この「ままならない現実に折り合いをつける練習」は子どもが将来、自分の能力(学力や運動など)が「ままならない」と感じたときの助けにもなります。理想通りの自分でいられない、だから自分は無価値な人間だ。そんなふうに思わずに子どもが「現実の自分」を受け容れていくためには、小さい頃から少しずつ「ままならない現実に折り合いをつける練習」をしていることが大切なのです。
外的な価値づけによって失われるもの
親のシール集めが「やり過ぎ」になることで、手に入ったシールに対する思い入れが親自身も強くなってしまいます。それによる問題もあります。
【事例:親の影響を受けた子ども】
女子児童は友だちとシール交換の際、母親が店に3時間並んで手に入れたボンドロと好きなキャラクターの平面シールを交換した。その際、母親から「こんなシールとボンドロを交換したなんて泥棒ね!」「せっかく手に入れたのに、そんな安物と交換しないで」「レートが低いのとは交換しないの」などと言われる。そのうち、女子児童は「平面シールはいらない」「あの子のシールはニセモノ」「レート違いは交換しない」と話し、好きなキャラクターのシールにも興味を示さなくなった。
令和のシール交換では「レート」があり、シールの人気、希少性、厚み、デザイン、SNSで話題になる、限定商品かなどによって左右されているようです。ボンドロなどの立体感や特徴のあるシールは高レート、平面シールや100均シールは低レートというイメージでしょうか。

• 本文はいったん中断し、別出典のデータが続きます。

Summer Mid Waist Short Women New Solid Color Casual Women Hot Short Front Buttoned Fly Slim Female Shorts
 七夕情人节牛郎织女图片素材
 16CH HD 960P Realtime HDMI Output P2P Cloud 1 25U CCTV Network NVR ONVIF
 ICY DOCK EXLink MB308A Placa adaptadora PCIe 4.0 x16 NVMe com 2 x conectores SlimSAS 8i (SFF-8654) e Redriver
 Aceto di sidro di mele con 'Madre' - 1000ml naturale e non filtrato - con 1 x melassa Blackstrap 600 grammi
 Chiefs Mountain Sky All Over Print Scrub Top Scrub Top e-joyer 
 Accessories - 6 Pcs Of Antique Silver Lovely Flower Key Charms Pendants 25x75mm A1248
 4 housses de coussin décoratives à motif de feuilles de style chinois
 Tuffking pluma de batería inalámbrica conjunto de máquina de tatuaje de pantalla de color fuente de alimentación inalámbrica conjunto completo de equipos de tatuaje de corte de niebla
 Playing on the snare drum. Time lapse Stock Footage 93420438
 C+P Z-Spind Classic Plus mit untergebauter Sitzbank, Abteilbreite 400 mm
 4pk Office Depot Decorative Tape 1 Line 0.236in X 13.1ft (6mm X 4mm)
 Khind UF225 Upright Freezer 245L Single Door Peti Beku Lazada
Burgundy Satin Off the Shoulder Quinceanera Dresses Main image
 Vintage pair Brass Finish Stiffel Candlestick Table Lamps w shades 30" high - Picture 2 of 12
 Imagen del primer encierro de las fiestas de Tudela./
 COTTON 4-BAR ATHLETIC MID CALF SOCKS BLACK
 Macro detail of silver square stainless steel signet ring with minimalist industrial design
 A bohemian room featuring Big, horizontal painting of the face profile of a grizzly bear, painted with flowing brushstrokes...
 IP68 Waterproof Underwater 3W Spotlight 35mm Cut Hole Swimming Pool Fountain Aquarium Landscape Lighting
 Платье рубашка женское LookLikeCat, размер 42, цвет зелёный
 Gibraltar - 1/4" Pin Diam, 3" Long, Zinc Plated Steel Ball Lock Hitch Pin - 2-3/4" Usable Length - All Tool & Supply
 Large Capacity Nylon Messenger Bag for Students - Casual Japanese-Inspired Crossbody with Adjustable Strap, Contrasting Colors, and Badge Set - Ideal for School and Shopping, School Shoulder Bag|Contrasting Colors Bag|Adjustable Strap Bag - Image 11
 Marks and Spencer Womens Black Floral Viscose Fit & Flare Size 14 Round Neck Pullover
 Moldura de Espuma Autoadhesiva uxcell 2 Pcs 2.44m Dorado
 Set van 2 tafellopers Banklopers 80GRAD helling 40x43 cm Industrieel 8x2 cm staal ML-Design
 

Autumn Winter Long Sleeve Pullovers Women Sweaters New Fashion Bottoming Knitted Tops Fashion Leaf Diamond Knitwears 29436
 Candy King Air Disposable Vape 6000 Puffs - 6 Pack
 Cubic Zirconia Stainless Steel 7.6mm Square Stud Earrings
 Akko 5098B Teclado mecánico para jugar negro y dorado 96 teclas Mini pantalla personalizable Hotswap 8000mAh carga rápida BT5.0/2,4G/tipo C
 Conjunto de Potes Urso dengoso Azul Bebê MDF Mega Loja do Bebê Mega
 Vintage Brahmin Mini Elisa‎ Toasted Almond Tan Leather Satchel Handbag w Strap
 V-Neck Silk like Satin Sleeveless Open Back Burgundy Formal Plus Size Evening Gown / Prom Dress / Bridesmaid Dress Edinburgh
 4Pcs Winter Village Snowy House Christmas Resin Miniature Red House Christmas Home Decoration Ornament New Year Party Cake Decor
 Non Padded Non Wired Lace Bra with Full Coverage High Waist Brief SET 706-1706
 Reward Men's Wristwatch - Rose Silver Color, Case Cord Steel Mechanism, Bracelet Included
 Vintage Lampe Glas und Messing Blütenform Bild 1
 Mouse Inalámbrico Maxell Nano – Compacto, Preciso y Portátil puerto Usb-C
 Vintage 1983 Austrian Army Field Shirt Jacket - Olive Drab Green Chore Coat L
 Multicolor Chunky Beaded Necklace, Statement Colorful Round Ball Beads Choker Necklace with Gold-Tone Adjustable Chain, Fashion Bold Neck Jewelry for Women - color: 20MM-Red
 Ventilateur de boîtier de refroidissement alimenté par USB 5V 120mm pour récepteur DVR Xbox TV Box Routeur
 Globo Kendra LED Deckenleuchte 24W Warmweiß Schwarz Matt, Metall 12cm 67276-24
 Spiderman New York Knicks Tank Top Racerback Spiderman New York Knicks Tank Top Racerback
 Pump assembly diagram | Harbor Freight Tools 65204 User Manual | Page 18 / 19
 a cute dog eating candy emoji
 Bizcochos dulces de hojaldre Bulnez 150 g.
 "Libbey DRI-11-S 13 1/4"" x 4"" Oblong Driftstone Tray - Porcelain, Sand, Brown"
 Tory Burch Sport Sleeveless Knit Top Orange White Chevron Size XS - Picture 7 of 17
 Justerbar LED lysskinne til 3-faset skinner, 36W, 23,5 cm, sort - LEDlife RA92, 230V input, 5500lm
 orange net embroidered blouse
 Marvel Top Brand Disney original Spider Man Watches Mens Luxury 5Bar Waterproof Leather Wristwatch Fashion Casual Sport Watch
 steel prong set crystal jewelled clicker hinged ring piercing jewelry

平成のシール交換でも「レート」らしきものはありましたが、これは子ども同士のやり取りの中で自然と生じた感覚的なものでした。令和のシール交換では「レート」という言葉が使われていることからも明らかなように、大人の価値観(頑張って買ってあげたのに、ニセモノを持っているのはダサい、安物とは交換しない等)が強く影響している様子が見受けられます。SNSで大人がしている発信を子どもが見ていることも大きいでしょう。子どもの各種シールへの価値付けに大人の価値観が絡むことで、子どもの柔らかな感覚が失われてしまう恐れがあります。